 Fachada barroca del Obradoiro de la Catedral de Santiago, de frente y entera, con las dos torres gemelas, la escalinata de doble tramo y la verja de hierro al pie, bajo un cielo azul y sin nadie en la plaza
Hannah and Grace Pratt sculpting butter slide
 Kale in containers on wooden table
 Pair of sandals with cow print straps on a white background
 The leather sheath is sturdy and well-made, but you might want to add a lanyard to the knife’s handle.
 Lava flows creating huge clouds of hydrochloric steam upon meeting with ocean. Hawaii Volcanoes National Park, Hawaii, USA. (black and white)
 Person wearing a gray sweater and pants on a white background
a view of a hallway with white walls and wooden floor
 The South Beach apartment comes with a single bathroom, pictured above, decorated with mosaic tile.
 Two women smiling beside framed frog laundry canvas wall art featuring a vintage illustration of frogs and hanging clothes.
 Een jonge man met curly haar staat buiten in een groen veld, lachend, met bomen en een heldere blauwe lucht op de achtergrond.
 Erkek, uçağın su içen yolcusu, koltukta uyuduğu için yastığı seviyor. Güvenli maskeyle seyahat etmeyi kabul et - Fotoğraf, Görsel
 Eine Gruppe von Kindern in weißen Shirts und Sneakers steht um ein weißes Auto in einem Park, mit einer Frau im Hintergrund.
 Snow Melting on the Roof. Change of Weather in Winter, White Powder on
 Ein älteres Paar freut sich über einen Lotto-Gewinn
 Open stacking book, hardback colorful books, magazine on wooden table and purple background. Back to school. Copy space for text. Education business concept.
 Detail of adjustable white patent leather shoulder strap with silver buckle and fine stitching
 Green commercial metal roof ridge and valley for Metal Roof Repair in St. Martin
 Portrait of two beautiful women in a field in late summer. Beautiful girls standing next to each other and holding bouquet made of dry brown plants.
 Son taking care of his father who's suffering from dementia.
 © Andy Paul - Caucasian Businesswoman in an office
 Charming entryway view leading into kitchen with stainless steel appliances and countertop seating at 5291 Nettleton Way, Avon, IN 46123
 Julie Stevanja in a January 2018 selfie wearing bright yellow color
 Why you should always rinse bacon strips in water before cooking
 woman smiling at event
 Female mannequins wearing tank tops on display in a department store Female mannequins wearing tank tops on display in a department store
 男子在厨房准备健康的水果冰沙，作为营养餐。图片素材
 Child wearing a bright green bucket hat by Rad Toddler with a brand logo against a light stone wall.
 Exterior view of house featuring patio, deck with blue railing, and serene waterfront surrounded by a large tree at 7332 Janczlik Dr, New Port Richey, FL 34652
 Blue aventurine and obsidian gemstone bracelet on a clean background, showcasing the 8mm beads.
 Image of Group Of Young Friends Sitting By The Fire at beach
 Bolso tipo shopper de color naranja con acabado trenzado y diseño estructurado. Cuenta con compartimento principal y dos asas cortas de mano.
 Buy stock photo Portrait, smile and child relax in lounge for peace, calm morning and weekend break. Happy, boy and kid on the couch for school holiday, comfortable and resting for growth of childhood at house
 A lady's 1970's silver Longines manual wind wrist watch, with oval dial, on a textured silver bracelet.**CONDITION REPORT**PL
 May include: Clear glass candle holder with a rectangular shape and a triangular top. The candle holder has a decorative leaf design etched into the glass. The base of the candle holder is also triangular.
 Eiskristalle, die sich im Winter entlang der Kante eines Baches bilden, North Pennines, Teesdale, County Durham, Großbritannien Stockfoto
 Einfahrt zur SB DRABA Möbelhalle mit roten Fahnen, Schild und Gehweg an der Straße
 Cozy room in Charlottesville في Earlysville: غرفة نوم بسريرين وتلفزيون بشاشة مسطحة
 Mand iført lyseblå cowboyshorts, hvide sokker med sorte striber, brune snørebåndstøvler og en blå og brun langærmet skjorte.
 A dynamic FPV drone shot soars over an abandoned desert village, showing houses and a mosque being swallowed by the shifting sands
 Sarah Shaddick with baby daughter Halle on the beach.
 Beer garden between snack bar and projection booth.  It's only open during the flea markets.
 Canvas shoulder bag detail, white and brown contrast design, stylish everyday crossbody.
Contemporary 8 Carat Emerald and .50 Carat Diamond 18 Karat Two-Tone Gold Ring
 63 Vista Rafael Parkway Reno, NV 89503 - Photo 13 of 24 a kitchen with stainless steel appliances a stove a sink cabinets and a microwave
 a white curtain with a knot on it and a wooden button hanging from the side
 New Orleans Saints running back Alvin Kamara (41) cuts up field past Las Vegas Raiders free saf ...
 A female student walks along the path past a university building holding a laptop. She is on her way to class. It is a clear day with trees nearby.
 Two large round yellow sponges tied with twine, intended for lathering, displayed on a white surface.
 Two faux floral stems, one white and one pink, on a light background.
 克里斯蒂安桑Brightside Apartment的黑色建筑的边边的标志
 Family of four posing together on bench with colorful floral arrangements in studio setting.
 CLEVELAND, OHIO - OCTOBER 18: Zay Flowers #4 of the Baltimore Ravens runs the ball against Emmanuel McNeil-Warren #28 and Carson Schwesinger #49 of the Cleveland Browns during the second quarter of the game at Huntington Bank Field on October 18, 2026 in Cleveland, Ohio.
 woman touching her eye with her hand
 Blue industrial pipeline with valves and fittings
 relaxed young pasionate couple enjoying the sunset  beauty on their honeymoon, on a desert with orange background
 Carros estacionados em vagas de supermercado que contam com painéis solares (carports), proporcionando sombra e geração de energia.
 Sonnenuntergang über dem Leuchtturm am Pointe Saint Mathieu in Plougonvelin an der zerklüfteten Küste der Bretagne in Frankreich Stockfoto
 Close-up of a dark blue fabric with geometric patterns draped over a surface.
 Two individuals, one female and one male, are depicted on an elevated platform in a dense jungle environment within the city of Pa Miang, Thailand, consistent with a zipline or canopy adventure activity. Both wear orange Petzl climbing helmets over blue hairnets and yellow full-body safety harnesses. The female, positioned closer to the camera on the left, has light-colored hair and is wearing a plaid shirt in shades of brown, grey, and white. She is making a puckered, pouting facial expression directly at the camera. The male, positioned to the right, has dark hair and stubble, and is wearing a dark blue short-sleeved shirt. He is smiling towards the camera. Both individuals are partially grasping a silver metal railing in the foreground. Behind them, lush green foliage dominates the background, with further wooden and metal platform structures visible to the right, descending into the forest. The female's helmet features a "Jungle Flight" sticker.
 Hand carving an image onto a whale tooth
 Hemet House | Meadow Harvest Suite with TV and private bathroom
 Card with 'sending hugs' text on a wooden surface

****

# [AIM OF THE EXERCISE]
Each entry above should be output again, precisely as given.

# [SOLVED PROBLEM]
 Fachada barroca del Obradoiro de la Catedral de Santiago, de frente y entera, con las dos torres gemelas, la escalinata de doble tramo y la verja de hierro al pie, bajo un cielo azul y sin nadie en la plaza
Hannah and Grace Pratt sculpting butter slide
 Kale in containers on wooden table
 Pair of sandals with cow print straps on a white background
 The leather sheath is sturdy and well-made, but you might want to add a lanyard to the knife’s handle.
 Lava flows creating huge clouds of hydrochloric steam upon meeting with ocean. Hawaii Volcanoes National Park, Hawaii, USA. (black and white)
 Person wearing a gray sweater and pants on a white background
a view of a hallway with white walls and wooden floor
 The South Beach apartment comes with a single bathroom, pictured above, decorated with mosaic tile.
 Two women smiling beside framed frog laundry canvas wall art featuring a vintage illustration of frogs and hanging clothes.
 Een jonge man met curly haar staat buiten in een groen veld, lachend, met bomen en een heldere blauwe lucht op de achtergrond.
 Erkek, uçağın su içen yolcusu, koltukta uyuduğu için yastığı seviyor. Güvenli maskeyle seyahat etmeyi kabul et - Fotoğraf, Görsel
 Eine Gruppe von Kindern in weißen Shirts und Sneakers steht um ein weißes Auto in einem Park, mit einer Frau im Hintergrund.
 Snow Melting on the Roof. Change of Weather in Winter, White Powder on
 Ein älteres Paar freut sich über einen Lotto-Gewinn
 Open stacking book, hardback colorful books, magazine on wooden table and purple background. Back to school. Copy space for text. Education business concept.
 Detail of adjustable white patent leather shoulder strap with silver buckle and fine stitching
 Green commercial metal roof ridge and valley for Metal Roof Repair in St. Martin
 Portrait of two beautiful women in a field in late summer. Beautiful girls standing next to each other and holding bouquet made of dry brown plants.
 Son taking care of his father who's suffering from dementia.
 © Andy Paul - Caucasian Businesswoman in an office
 Charming entryway view leading into kitchen with stainless steel appliances and countertop seating at 5291 Nettleton Way, Avon, IN 46123
 Julie Stevanja in a January 2018 selfie wearing bright yellow color
 Why you should always rinse bacon strips in water before cooking
 woman smiling at event
 Female mannequins wearing tank tops on display in a department store Female mannequins wearing tank tops on display in a department store
 男子在厨房准备健康的水果冰沙，作为营养餐。图片素材
 Child wearing a bright green bucket hat by Rad Toddler with a brand logo against a light stone wall.
 Exterior view of house featuring patio, deck with blue railing, and serene waterfront surrounded by a large tree at 7332 Janczlik Dr, New Port Richey, FL 34652
 Blue aventurine and obsidian gemstone bracelet on a clean background, showcasing the 8mm beads.
 Image of Group Of Young Friends Sitting By The Fire at beach
 Bolso tipo shopper de color naranja con acabado trenzado y diseño estructurado. Cuenta con compartimento principal y dos asas cortas de mano.
 Buy stock photo Portrait, smile and child relax in lounge for peace, calm morning and weekend break. Happy, boy and kid on the couch for school holiday, comfortable and resting for growth of childhood at house
 A lady's 1970's silver Longines manual wind wrist watch, with oval dial, on a textured silver bracelet.**CONDITION REPORT**PL
 May include: Clear glass candle holder with a rectangular shape and a triangular top. The candle holder has a decorative leaf design etched into the glass. The base of the candle holder is also triangular.
 Eiskristalle, die sich im Winter entlang der Kante eines Baches bilden, North Pennines, Teesdale, County Durham, Großbritannien Stockfoto
 Einfahrt zur SB DRABA Möbelhalle mit roten Fahnen, Schild und Gehweg an der Straße
 Cozy room in Charlottesville في Earlysville: غرفة نوم بسريرين وتلفزيون بشاشة مسطحة
 Mand iført lyseblå cowboyshorts, hvide sokker med sorte striber, brune snørebåndstøvler og en blå og brun langærmet skjorte.
 A dynamic FPV drone shot soars over an abandoned desert village, showing houses and a mosque being swallowed by the shifting sands
 Sarah Shaddick with baby daughter Halle on the beach.
 Beer garden between snack bar and projection booth.  It's only open during the flea markets.
 Canvas shoulder bag detail, white and brown contrast design, stylish everyday crossbody.
Contemporary 8 Carat Emerald and .50 Carat Diamond 18 Karat Two-Tone Gold Ring
 63 Vista Rafael Parkway Reno, NV 89503 - Photo 13 of 24 a kitchen with stainless steel appliances a stove a sink cabinets and a microwave
 a white curtain with a knot on it and a wooden button hanging from the side
 New Orleans Saints running back Alvin Kamara (41) cuts up field past Las Vegas Raiders free saf ...
 A female student walks along the path past a university building holding a laptop. She is on her way to class. It is a clear day with trees nearby.
 Two large round yellow sponges tied with twine, intended for lathering, displayed on a white surface.
 Two faux floral stems, one white and one pink, on a light background.
 克里斯蒂安桑Brightside Apartment的黑色建筑的边边的标志
 Family of four posing together on bench with colorful floral arrangements in studio setting.
 CLEVELAND, OHIO - OCTOBER 18: Zay Flowers #4 of the Baltimore Ravens runs the ball against Emmanuel McNeil-Warren #28 and Carson Schwesinger #49 of the Cleveland Browns during the second quarter of the game at Huntington Bank Field on October 18, 2026 in Cleveland, Ohio.
 woman touching her eye with her hand
 Blue industrial pipeline with valves and fittings
 relaxed young pasionate couple enjoying the sunset  beauty on their honeymoon, on a desert with orange background
 Carros estacionados em vagas de supermercado que contam com painéis solares (carports), proporcionando sombra e geração de energia.
 Sonnenuntergang über dem Leuchtturm am Pointe Saint Mathieu in Plougonvelin an der zerklüfteten Küste der Bretagne in Frankreich Stockfoto
 Close-up of a dark blue fabric with geometric patterns draped over a surface.
 Two individuals, one female and one male, are depicted on an elevated platform in a dense jungle environment within the city of Pa Miang, Thailand, consistent with a zipline or canopy adventure activity. Both wear orange Petzl climbing helmets over blue hairnets and yellow full-body safety harnesses. The female, positioned closer to the camera on the left, has light-colored hair and is wearing a plaid shirt in shades of brown, grey, and white. She is making a puckered, pouting facial expression directly at the camera. The male, positioned to the right, has dark hair and stubble, and is wearing a dark blue short-sleeved shirt. He is smiling towards the camera. Both individuals are partially grasping a silver metal railing in the foreground. Behind them, lush green foliage dominates the background, with further wooden and metal platform structures visible to the right, descending into the forest. The female's helmet features a "Jungle Flight" sticker.
 Hand carving an image onto a whale tooth
 Hemet House | Meadow Harvest Suite with TV and private bathroom
 Card with 'sending hugs' text on a wooden surface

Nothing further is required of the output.